BA feeding improves pancreatic neoplasia and fibrogenesis in KC mice with intact FXR.

Quantitative immunofluorescence (IF) analyses for α-amylase (intact acini) and keratin-19 (KRT19/CK19; pan-neoplastic cells) cells were consistent. In KRAS-FXR floxed WT mice, α-amylase was present and levels were not changed by CDCA feeding. In the normal pancreas of KrasFXR floxed mice, CK19 was only detectable in 3% of mostly ductal cells and few neoplastic cells within the entire pancreatic tissue but decreased to 1% after by exposure to CDCA with intact FXR (Suppl. Fig. 3A–B). However, KC-CDCA mice had significantly more α-amylase-positive acinar cells than KC-PBS mice (p = 0.047). FXR-deficient mice tended to have more α-amylase-positive acinar cells, but the difference did not reach statistical significance (Fig. 2A–B). In contrast, KC mice exposed to CDCA had significantly fewer CK19-positive neoplastic cells than KC mice fed PBS (p = 0.0317) (Fig. 2C–D). Interestingly, CK19-positive cell numbers in KFC mice did not significantly differ between CDCA or PBS exposure. This result suggests the presence of lower ductal epithelial cell transformation in KC mice after exposure to CDCA.

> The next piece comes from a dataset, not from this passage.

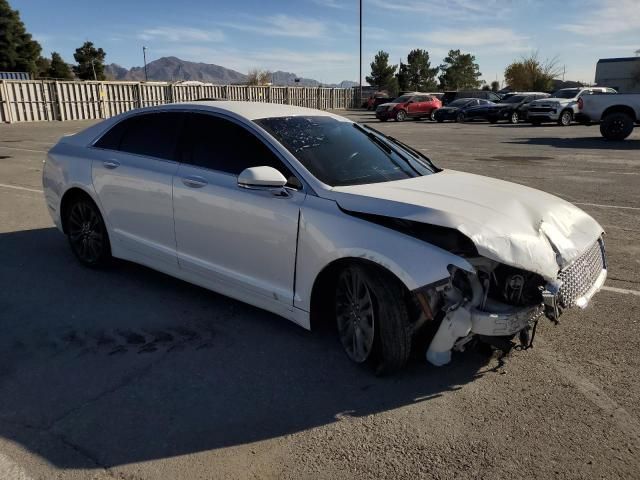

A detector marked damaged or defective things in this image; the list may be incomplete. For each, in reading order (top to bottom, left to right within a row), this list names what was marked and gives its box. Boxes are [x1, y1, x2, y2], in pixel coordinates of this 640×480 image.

shattered windshield [254, 116, 436, 188]
damaged white sedan [43, 100, 604, 372]
crumpled front hood [328, 170, 604, 280]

Figure 2. Functional properties of KC and KFC tissues.

(A) Representative IF images (20× objective; scale bar = 200 μm) of pancreatic tissue stained for α-amylase (red) and 4′,6-diamidino-2-phenylindole (DAPI; blue) and fluorescence-activated cell sorting (FACS)-like scattergrams of DAPI and α-amylase quantities in the images. (B) α-amylase expression level determined by FACS-like IF quantitation; expression (in %) was plotted as means ± SEM for each group (n = 5). (C) Representative IF images (20× objective; scale bar = 200 μm) of pancreatic tissues stained for CK19 (red), Ki67 (green), and DAPI (blue) and FACS-like scattergrams of DAPI, CK19, and Ki67 quantities in the images, and their expression (in %). (D) CK19-positive cell proportions as determined by FACS-like IF quantitation plotted as means ± SEM for each group (n = 5). (E) Ki67-positive cell proportions in CK19 cells, determined by FACS-like IF quantitation via colocalization analysis, and % expression plotted as means ± SEM for each group (n = 5). (F) Representative IF images (20× objective; scale bar = 200 μm) of pancreatic tissues stained for CK19 and αSMA and FACS-like scattergrams of CK19 and αSMA quantities in the images. (G) αSMA-positive cell proportions determined by FACS-like IF quantitation plotted as means ± SEM for each group (n = 5). *, p < 0.05; **, p < 0.01.

The proliferation marker Ki67 was also reduced in KC mice after CDCA feeding, suggesting reduced epithelial cell proliferation (Fig. 2E). We found no alteration in pancreatic-FXR-deficient KFC mice after CDCA feeding suggesting that CDCA reduces pancreatic PDAC desmoplasia with intact FXR, while FXR loss does not alter pancreatic neoplasia. Fxr mRNA levels were measured in wild-type and Kras-p48-Cre mice with or without CDCA feeding. While Fxr mRNA was elevated in KC mice with or without CDCA administration, it was non-significantly increased after CDCA feeding (Suppl. Fig. 3C).

Pancreatic stellate cells (PSCs) are known to be involved in stroma formation and neoplasia. PSC proliferation was detected by measurement α-smooth-muscle actin (ACTA2) levels. IF staining and quantitative analysis showed that KC mice administrated CDCA had fewer ACTA2-positive cells than control mice (p = 0.0314). No difference in ACTA2 was found in pancreatic FXR-deficient KFC mice after CDCA exposure, suggesting that intact FXR attenuates pancreatic neoplastic lesions and improves pancreatic desmoplasia in response to BAs (Fig. 2F–G).

BA feeding inhibits autophagy in KC mice.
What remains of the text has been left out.